Prediction models and workflow
To reduce redundancy, hereinafter, we refer to the scenario that only subject-level ground truths were used in training as Sub-Lab, and the scenario that subject-level labels together with slice-level labels were used in training as Sli-Lab. Furthermore, we refer to the task of predicting whether a subject and its slices contain bleeding or not as a two-type classification, while the task of predicting the bleeding subtype(s) of an ICH-positive subject and the associated slices as a five-type classification. Our framework can be used for both two-type and five-type classification under both Sub-Lab and Sli-Lab settings. Specifically, this algorithm is composed of a CNN component followed by a RNN component to mimic how radiologists interpret scans. The CNN component focuses on extracting useful features from image slices. The RNN component makes use of these features and generates the probability of ICH or a subtype. The RNN component is particularly useful for capturing sequential information of features from consecutive slices, adding inter-slice dependency context to boost classification performance (please refer to Supplementary Figure 1 for an illustration of our algorithm; more detailed description can be found in Supplementary Material).

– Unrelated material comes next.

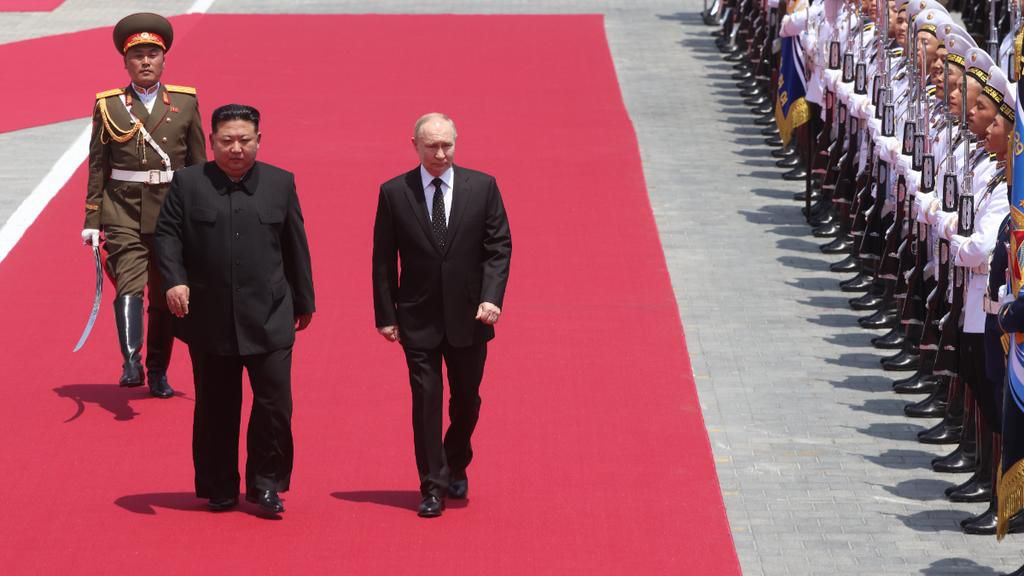 Russian President Vladimir Putin (R) and North Korean Supreme Leader Kim Jong Un attend a welcoming ceremony on June 19, 2024 in Pyongyang, North Korea. [Getty Images]
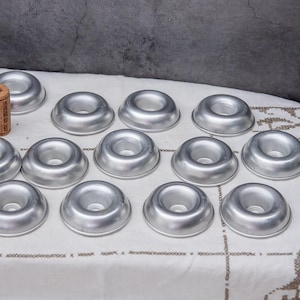 以下が含まれることがあります： 中央に穴の開いた銀色の円形モールドのコレクション。おそらくベーキング用。モールドは白い模様の布の上に配置され、背景にはコルクがあります。全体的なテーマは、キッチン用品またはベーキング用品を示唆しています。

In our prediction workflow, we first carried out two-type classification to determine if ICH was present in a subject. If a subject was predicted to be ICH-positive, five-type classification was performed to decide if this subject belonged to any of the five subtypes. This workflow is demonstrated in Fig. 1.
Training procedures
We split the entire subjects randomly into training (80%), validation (10%), and testing set (10%). Data distribution for two-type and five-type classification tasks is shown in Supplementary Table 2. The training set was used to optimize model parameters while the validation set was used to avoid overfitting to the training set. The testing set was reserved for final evaluation of our models. Training and testing schemata are illustrated in Fig. 2. Training for ICH detection (two-type task) and its subtypes (five-type task) was performed under two settings: Sub-Lab and Sli-Lab (more details about the training process are elaborated in Supplemental Material).
Model visualization
A disadvantage of deep learning models is their lack of transparency and explanability [30, 31]. To improve the explainability of our models, we generated a coarse localization map that highlighted important regions in the image leading to the decision of the algorithm using the Grad-CAM method [31]. The localization map on each slice was generated with our fully trained algorithm, which neither affected the algorithm training process nor required manual annotation of bleeding areas for supervised training. This visualization technique might also be adopted by radiologists as a guidance for interpretation (more details are provided in Supplementary Material).
Statistical analysis
All statistical analyses were performed using the python package scikit-learn, while statistical plots were generated with matplotlib. We evaluated the performance of algorithms using statistical metrics including accuracy, sensitivity, specificity, F1 score, and area under the curve (AUC). We used 0.5 as the threshold to convert probabilities into binarized class labels, i.e., a probability no smaller than 0.5 was considered ICH-positive and a probability smaller than 0.5 to be ICH-negative.
Diagnosis from additional radiologists and trainees
We additionally invited three junior radiology trainees and an additional senior radiologist to provide subject-level diagnosis on the 299 CT scans in the testing set for performance comparison with the automated algorithm (more details about these head CT interpreters can be found in Supplementary Material).